Task description —
Reply with the data below, repeated exactly in full.

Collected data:
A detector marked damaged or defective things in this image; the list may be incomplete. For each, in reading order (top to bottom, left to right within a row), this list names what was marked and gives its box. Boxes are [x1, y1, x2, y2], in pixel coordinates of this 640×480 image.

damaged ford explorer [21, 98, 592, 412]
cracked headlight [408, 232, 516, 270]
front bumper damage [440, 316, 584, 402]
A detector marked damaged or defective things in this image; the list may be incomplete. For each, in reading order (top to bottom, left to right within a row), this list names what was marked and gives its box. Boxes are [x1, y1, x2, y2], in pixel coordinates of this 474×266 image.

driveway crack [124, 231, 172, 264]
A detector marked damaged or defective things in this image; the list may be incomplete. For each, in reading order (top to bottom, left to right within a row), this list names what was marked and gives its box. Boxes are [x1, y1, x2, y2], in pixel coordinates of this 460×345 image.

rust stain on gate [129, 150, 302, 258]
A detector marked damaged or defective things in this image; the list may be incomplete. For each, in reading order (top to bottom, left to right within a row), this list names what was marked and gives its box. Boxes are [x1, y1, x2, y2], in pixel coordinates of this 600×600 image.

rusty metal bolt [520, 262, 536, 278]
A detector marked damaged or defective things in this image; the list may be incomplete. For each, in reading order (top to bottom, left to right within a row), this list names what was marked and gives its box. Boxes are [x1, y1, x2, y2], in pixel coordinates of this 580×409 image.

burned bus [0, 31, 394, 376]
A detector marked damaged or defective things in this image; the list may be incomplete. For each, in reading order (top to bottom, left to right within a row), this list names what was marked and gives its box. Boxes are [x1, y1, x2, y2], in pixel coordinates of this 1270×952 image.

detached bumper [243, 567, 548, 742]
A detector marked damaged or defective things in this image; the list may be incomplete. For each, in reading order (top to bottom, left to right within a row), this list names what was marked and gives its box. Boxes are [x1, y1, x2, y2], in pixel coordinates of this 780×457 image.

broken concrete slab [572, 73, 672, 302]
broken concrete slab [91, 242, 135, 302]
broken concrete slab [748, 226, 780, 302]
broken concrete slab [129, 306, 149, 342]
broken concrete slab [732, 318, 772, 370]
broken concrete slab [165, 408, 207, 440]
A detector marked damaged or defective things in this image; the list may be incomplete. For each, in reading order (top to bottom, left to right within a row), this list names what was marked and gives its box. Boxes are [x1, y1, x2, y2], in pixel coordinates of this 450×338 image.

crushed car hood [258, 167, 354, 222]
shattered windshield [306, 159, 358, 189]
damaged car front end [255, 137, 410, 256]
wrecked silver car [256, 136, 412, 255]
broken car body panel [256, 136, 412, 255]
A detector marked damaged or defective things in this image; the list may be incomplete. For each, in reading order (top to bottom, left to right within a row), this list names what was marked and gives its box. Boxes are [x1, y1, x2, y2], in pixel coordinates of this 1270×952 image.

Your response —
A detector marked damaged or defective things in this image; the list may be incomplete. For each, in reading order (top to bottom, left to right within a row), this list names what was marked and gives its box. Boxes are [x1, y1, x2, y2], in pixel coordinates of this 640×480 image.

damaged ford explorer [21, 98, 592, 412]
cracked headlight [408, 232, 516, 270]
front bumper damage [440, 316, 584, 402]
A detector marked damaged or defective things in this image; the list may be incomplete. For each, in reading order (top to bottom, left to right within a row), this list names what was marked and gives its box. Boxes are [x1, y1, x2, y2], in pixel coordinates of this 474×266 image.

driveway crack [124, 231, 172, 264]
A detector marked damaged or defective things in this image; the list may be incomplete. For each, in reading order (top to bottom, left to right within a row), this list names what was marked and gives its box. Boxes are [x1, y1, x2, y2], in pixel coordinates of this 460×345 image.

rust stain on gate [129, 150, 302, 258]
A detector marked damaged or defective things in this image; the list may be incomplete. For each, in reading order (top to bottom, left to right within a row), this list names what was marked and gives its box. Boxes are [x1, y1, x2, y2], in pixel coordinates of this 600×600 image.

rusty metal bolt [520, 262, 536, 278]
A detector marked damaged or defective things in this image; the list may be incomplete. For each, in reading order (top to bottom, left to right within a row), this list names what was marked and gives its box. Boxes are [x1, y1, x2, y2], in pixel coordinates of this 580×409 image.

burned bus [0, 31, 394, 376]
A detector marked damaged or defective things in this image; the list may be incomplete. For each, in reading order (top to bottom, left to right within a row), this list names what was marked and gives its box. Boxes are [x1, y1, x2, y2], in pixel coordinates of this 1270×952 image.

detached bumper [243, 567, 548, 742]
A detector marked damaged or defective things in this image; the list may be incomplete. For each, in reading order (top to bottom, left to right within a row), this list names what was marked and gives its box. Boxes are [x1, y1, x2, y2], in pixel coordinates of this 780×457 image.

broken concrete slab [572, 73, 672, 302]
broken concrete slab [91, 242, 135, 302]
broken concrete slab [748, 226, 780, 302]
broken concrete slab [129, 306, 149, 342]
broken concrete slab [732, 318, 772, 370]
broken concrete slab [165, 408, 207, 440]
A detector marked damaged or defective things in this image; the list may be incomplete. For each, in reading order (top to bottom, left to right within a row), this list names what was marked and gives its box. Boxes are [x1, y1, x2, y2], in pixel coordinates of this 450×338 image.

crushed car hood [258, 167, 354, 222]
shattered windshield [306, 159, 358, 189]
damaged car front end [255, 137, 410, 256]
wrecked silver car [256, 136, 412, 255]
broken car body panel [256, 136, 412, 255]
A detector marked damaged or defective things in this image; the list may be incomplete. For each, in reading order (top to bottom, left to right within a row), this list names what was marked and gives its box. Boxes are [x1, y1, x2, y2], in pixel coordinates of this 1270×952 image.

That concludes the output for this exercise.